NDLR : Ceci est le quatrième numéro de la série Bouillon de Kub’Ture initiée par Storia Giovanna.
Un jour de désœuvrement comme aujourd’hui, je suis tombée sur cette vidéo du vidéaste Links The Sun :
Cet épisode de la capsule Non mais t’as vu ce que t’écoutes ? est un vrai concentré de ce que j’aime en termes de critique culturelle : elle invite à interroger ses propres goûts en même temps que celui de ses détracteurs.
Je suis ravie que Links The Sun – qui a la large tendance à défoncer avec force argumentation tout ce qu’il trouve problématique dans la musique – en vienne à faire ce genre de vidéo.
Lui-même a dû s’interroger sur le succès des musiques dont il démonte les mécanismes qui lui semblent grossiers, et il en est venu à la conclusion que les personnes qui aiment la musique qu’il déteste ont des arguments bien plus construits que les siens.

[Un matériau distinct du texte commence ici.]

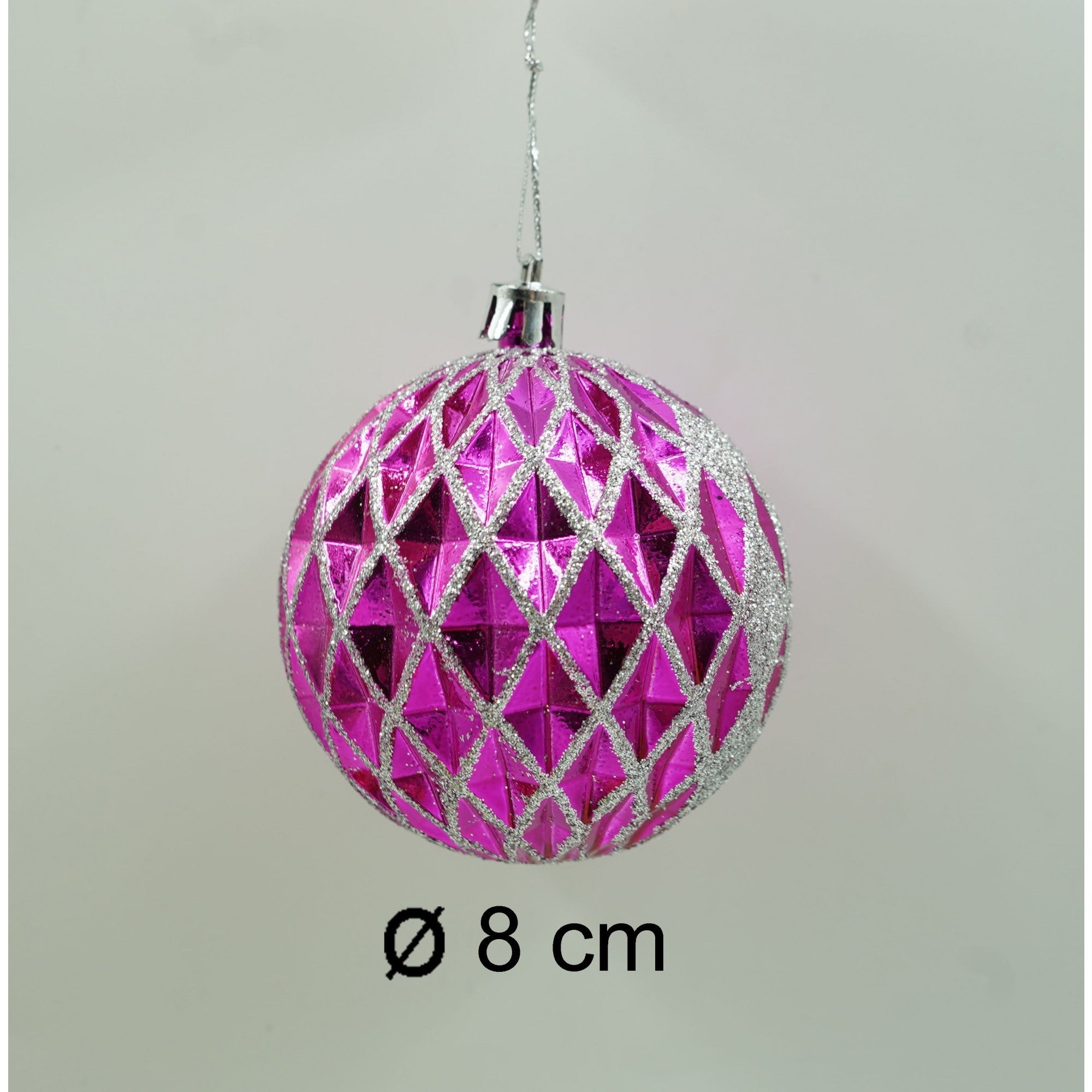 Set de 6 ornamente de brad, de tip Glob, Multicolor, cu ø de 8 cm, din plastic, cu finisaj sclipitor , cutie 24 cm inaltime x 16 cm lungime x 8 cm adancime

Le succès de ce qu’on déteste dans l’art ou la vie quotidienne paraît toujours incompréhensible, si bien qu’on en vient généralement à stigmatiser la partie de la population réceptive à cet objet d’art ou de la vie quotidienne, bien qu’on puisse partager d’autres sensibilités ou les mêmes valeurs de vie. Pire, l’argumentation contraire fait que l’on cantonne la personne réceptive dans des traits figés qui sont difficiles à défaire.
Dire C’est de la merde et les gens qui aiment ça sont cons est la pire des choses que quiconque s’intéresse à l’art et au goût puisse faire.
Travailler avec des adolescents – masse influente dans la culture s’il en est – me permet constamment de revoir mes grilles de lecture en matière de culture. Je vois également les efforts du Mari et des professeurs que je côtoie pour faire aimer des choses qui ne sont pas en accord avec le goût, la culture ou l’environnement de leurs élèves.
Le dernier exemple en date que j’ai trouvé à ce propos est l’institutrice de la classe de maternelle où se trouve mon neveu, qui leur sort une compilation par trimestre avec non seulement de la musique classique et des chansons pour enfants, mais également du Neil Young, du Dick Annegarn et du Nirvana.
Je visualise si ma maîtresse de maternelle, au lieu du Mannick et du Henri Dès, m’avait fait écouter les Beatles et Elvis…
À ce titre, ce qui était positif avec les débuts du rap et de la musique électronique, c’est qu’il y avait une recherche de sens pour les auditeurs lambda envers ses racines (soul, jazz, etc). Je suis encore idéaliste quant à la formation que chacun se fait de son propre goût.
Par exemple, dans mon projet de formation idéale, et si je reprenais comme Links The Sun l’exemple de Jul, j’aimerais qu’un amateur de ses textes s’intéresse de même à des personnes comme IAM, Marcel Pagnol, TTC, ou alors à la culture prolétaire spécifique au Sud-Est de la France.
Car oui, je n’aime pas Jul, parce que j’estime que j’ai le cerveau qui fond à chaque fois que j’écoute ne serait-ce que 30 secondes d’une chanson. Mais j’admire le fait qu’il puisse tout faire tout seul et qu’il s’ancre dans un background culturel riche.
Le goût se forme, et entrevoir la possibilité que notre propre goût puisse avoir des racines insoupçonnées ou nous ouvrir d’autres portes culturelles nous permet de ne jamais se laisser cantonner aux préjugés auxquels notre goût nous fixent.
Ne restons jamais passifs de notre goût, passons notre temps à analyser ce que nous aimons comme ce que nous détestons. C’est à ce prix que nous serons aptes à argumenter sur tout et sur rien avec la rhétorique adéquate.